(Short text fragments from websites)

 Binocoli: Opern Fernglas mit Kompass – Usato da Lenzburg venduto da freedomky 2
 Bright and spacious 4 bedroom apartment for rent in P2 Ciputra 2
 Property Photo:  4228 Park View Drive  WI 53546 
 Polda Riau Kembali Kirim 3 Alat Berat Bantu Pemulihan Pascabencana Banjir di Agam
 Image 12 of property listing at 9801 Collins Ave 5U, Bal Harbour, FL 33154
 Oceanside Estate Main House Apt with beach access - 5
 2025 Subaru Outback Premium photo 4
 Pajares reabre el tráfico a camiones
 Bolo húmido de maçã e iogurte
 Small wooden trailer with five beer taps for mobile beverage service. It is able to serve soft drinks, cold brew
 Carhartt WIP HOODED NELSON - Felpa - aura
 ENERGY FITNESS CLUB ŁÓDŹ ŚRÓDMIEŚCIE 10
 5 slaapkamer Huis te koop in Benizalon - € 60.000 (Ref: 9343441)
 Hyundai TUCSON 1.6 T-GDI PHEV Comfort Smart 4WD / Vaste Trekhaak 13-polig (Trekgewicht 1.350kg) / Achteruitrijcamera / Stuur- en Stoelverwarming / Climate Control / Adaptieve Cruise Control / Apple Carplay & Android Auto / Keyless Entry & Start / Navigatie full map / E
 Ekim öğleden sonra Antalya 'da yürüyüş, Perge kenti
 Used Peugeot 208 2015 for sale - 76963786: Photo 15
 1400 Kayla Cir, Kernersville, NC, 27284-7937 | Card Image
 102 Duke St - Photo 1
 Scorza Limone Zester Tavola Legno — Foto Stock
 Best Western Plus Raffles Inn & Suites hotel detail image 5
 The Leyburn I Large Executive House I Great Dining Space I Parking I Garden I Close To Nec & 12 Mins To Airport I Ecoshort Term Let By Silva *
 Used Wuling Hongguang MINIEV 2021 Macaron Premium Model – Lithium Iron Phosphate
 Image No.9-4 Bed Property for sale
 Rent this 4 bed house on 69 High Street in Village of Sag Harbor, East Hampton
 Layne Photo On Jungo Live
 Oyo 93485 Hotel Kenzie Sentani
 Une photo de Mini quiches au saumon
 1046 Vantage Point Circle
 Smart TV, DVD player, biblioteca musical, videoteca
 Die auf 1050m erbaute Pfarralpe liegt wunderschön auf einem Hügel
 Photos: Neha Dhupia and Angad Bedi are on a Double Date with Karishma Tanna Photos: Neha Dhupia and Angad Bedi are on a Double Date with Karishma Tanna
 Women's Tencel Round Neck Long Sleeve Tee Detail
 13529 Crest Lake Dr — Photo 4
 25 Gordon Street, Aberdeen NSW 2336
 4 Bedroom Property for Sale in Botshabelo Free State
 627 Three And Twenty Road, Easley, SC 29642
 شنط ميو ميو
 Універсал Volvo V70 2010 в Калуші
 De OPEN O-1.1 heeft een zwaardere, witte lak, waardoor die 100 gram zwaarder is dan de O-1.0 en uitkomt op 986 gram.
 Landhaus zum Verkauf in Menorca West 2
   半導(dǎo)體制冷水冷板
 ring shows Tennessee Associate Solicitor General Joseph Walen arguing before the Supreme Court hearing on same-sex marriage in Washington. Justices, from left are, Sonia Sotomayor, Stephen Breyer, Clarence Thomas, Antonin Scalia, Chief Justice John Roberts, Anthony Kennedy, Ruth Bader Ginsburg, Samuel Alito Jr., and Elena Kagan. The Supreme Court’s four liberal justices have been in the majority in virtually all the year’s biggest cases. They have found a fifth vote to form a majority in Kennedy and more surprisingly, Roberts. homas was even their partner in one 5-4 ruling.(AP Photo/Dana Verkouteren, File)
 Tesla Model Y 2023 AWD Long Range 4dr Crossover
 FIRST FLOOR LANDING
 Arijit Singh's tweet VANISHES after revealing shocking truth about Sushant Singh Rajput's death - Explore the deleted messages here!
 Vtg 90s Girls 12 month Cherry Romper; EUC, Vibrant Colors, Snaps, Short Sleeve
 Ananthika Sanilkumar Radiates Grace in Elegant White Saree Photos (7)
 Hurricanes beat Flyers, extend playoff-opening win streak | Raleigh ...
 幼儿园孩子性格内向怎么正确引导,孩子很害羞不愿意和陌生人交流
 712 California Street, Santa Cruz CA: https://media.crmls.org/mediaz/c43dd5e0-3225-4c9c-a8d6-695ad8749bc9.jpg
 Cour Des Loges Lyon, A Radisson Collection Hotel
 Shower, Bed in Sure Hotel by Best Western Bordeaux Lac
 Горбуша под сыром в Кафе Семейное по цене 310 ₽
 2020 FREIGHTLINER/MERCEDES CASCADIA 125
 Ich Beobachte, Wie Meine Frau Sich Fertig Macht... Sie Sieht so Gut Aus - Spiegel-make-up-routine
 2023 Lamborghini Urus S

» Exercise details
Lines holding the string "Long" must be copied out of the entries above.

» Output for this task
 Women's Tencel Round Neck Long Sleeve Tee Detail
 Tesla Model Y 2023 AWD Long Range 4dr Crossover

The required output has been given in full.